Institute president Felix McKenna said planning, land use and transportation policy must become more integrated and that means putting a definitive end to urban sprawl.
Mr McKenna said that if apartments are to be bigger and more eco-friendly, as planned by Environment Minister John Gormley’s regulations, developers will be sanctioned to build higher-density projects.
“It is estimated that adherence to the guidelines could add as much as 20% to the cost of an average apartment or town house,” he told the institute’s annual conference in Dublin yesterday.
“But by applying the current development plan site densities, the guidelines are likely to reduce the number of units permissible on a site by as much as 15%.”

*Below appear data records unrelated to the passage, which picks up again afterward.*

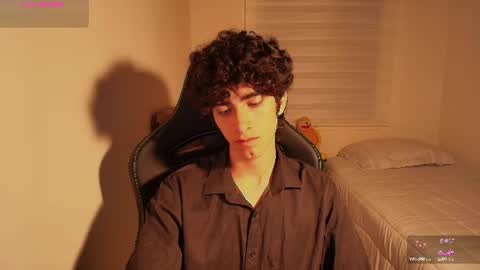 lucas_xo online show from June 13, 2026, 3:26 am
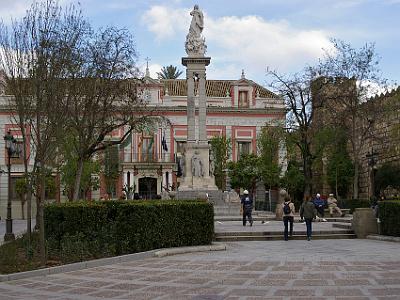 Thursday 23 March, 2006  Plaza Del Triunfo occupies the space between the cathedral and the Alcazar.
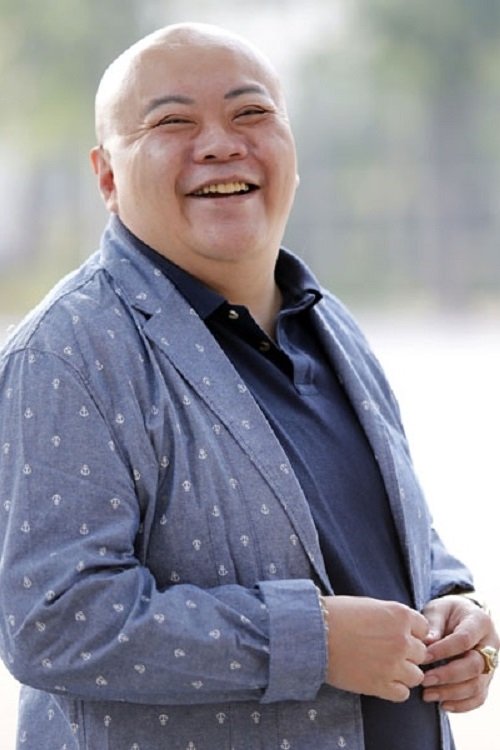 Shinsuke Minami backdrop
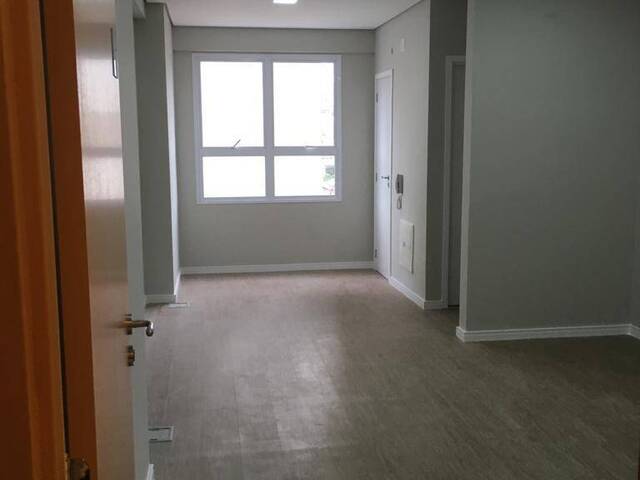 Sala para Venda em Jacareí - 3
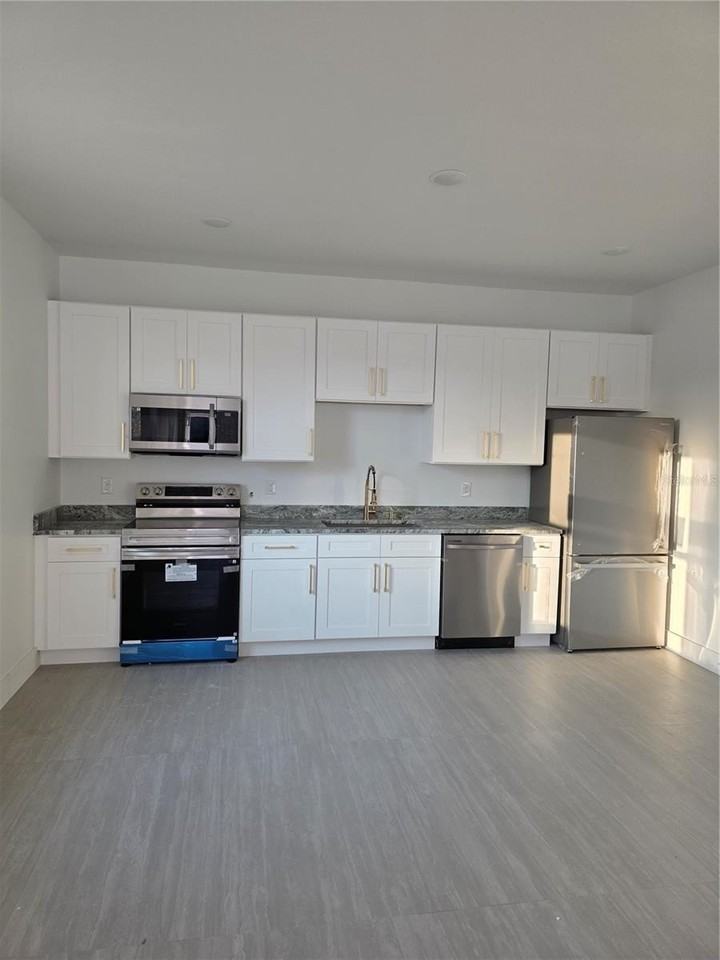 113 E Bullard Ave - Photo 2 of 9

In the unsettled housing market, this increased cost to developers can not be reflected in increased selling prices, he said, and so the medium-term effect could be an unexpected reduction in the number of apartments or townhouses completed in the city.
“Is this what we desire, as we seek to justify massive investment in public transport?
“Increased development densities are vital, otherwise the economics of residential development in city areas simply will not work.”
He also called for a more speedy delivery of public transport projects as our economic competitiveness and the delivery of sustainable communities depended on it.
According to the latest Global Competitive Index, Ireland has the 22nd most competitive economy in the world but our infrastructure ranks 49th in the world, with road infrastructure ranked 60th.